[Image-text web data]
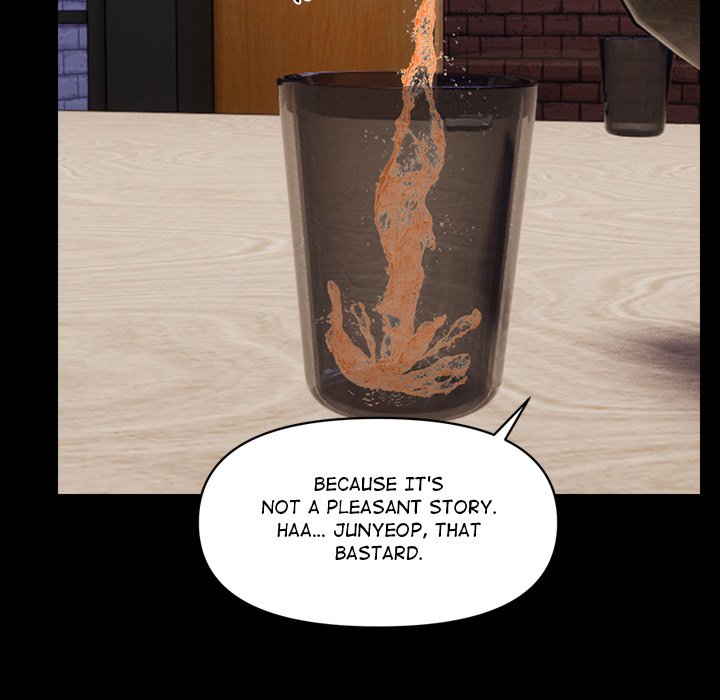 Come to My Place - episode 9 - 64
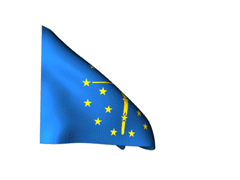 Indiana_240-animated-flag-gifs.gif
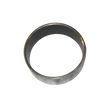 Part Number 2390190250 Ring fits Haulotte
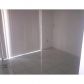 4680 NW 102nd Ave # 104-20, Miami, FL 33178 ID:14592642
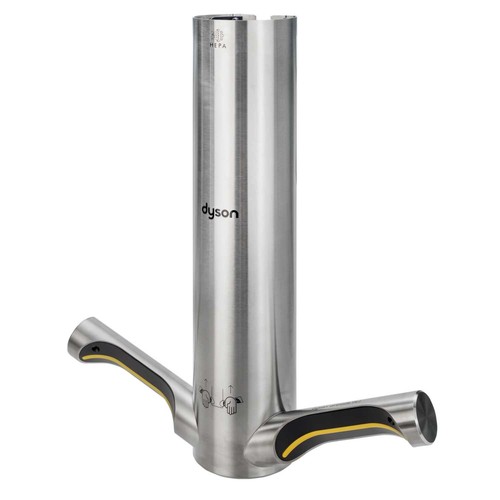 Dyson hu03 h900w airblade - hu03,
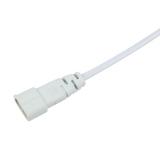 General  220В GT5B-HC1 Шнур питания, power cord [1?]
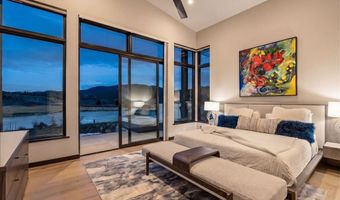 138 Monitor Dr, Breckenridge, CO 80424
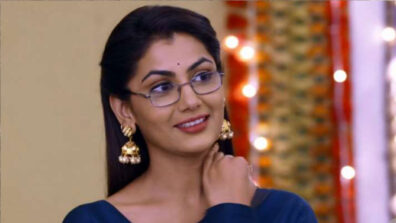 Kumkum Bhagya Written Update Ep 1875 19th June 2021: Pragya’s new life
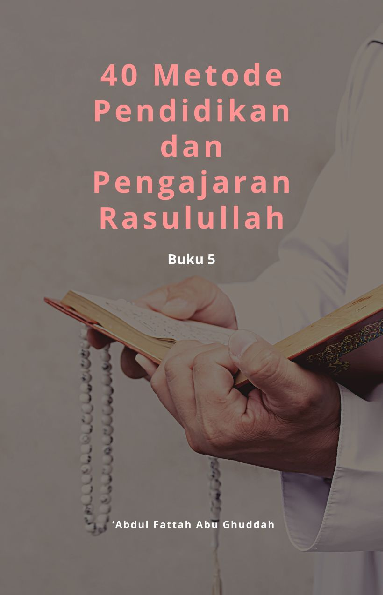 cover buku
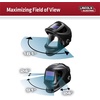 image:imageVIKING 3250D FGS PAPR with Standard Battery
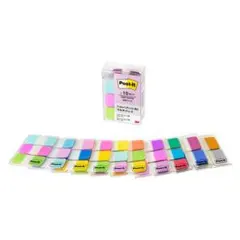 【未開封】6861MCN ポストイット フィルム 1ケース(10パック入)のサムネイル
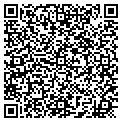 QR code with Kicks For Kids contacts
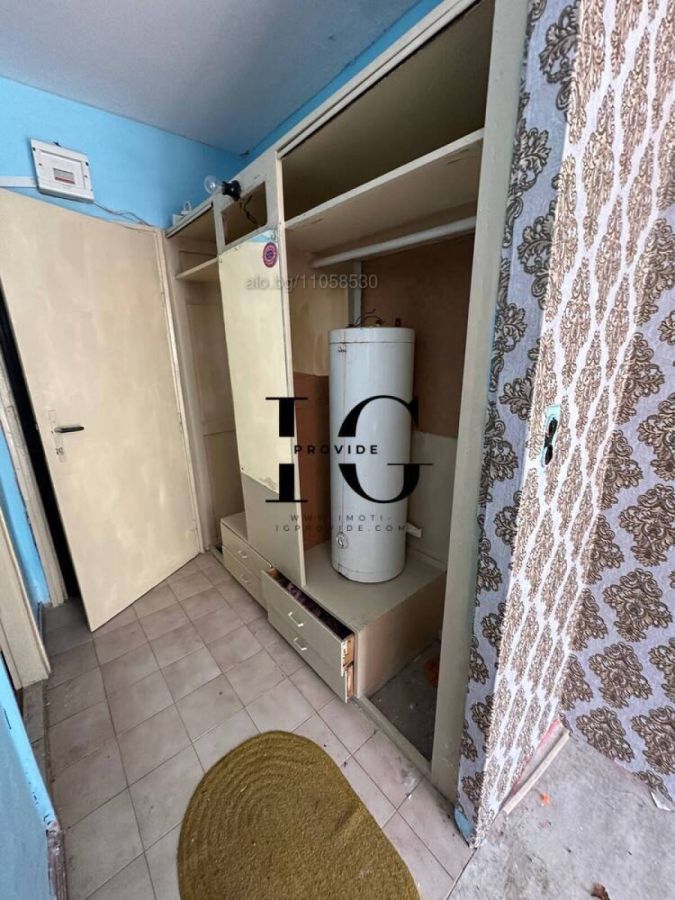 Продажба на Апартамент в , Несебър – снимка 9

### TASK TO COMPLETE
In your answer, print the entries above exactly, with the pictures left out.

### ANSWER BELOW
 Come to My Place - episode 9 - 64
 Indiana_240-animated-flag-gifs.gif
 Part Number 2390190250 Ring fits Haulotte
 4680 NW 102nd Ave # 104-20, Miami, FL 33178 ID:14592642
 Dyson hu03 h900w airblade - hu03,
 General  220В GT5B-HC1 Шнур питания, power cord [1?]
 138 Monitor Dr, Breckenridge, CO 80424
 Kumkum Bhagya Written Update Ep 1875 19th June 2021: Pragya’s new life
 cover buku
 image:imageVIKING 3250D FGS PAPR with Standard Battery
 【未開封】6861MCN ポストイット フィルム 1ケース(10パック入)のサムネイル
 QR code with Kicks For Kids contacts
 Продажба на Апартамент в , Несебър – снимка 9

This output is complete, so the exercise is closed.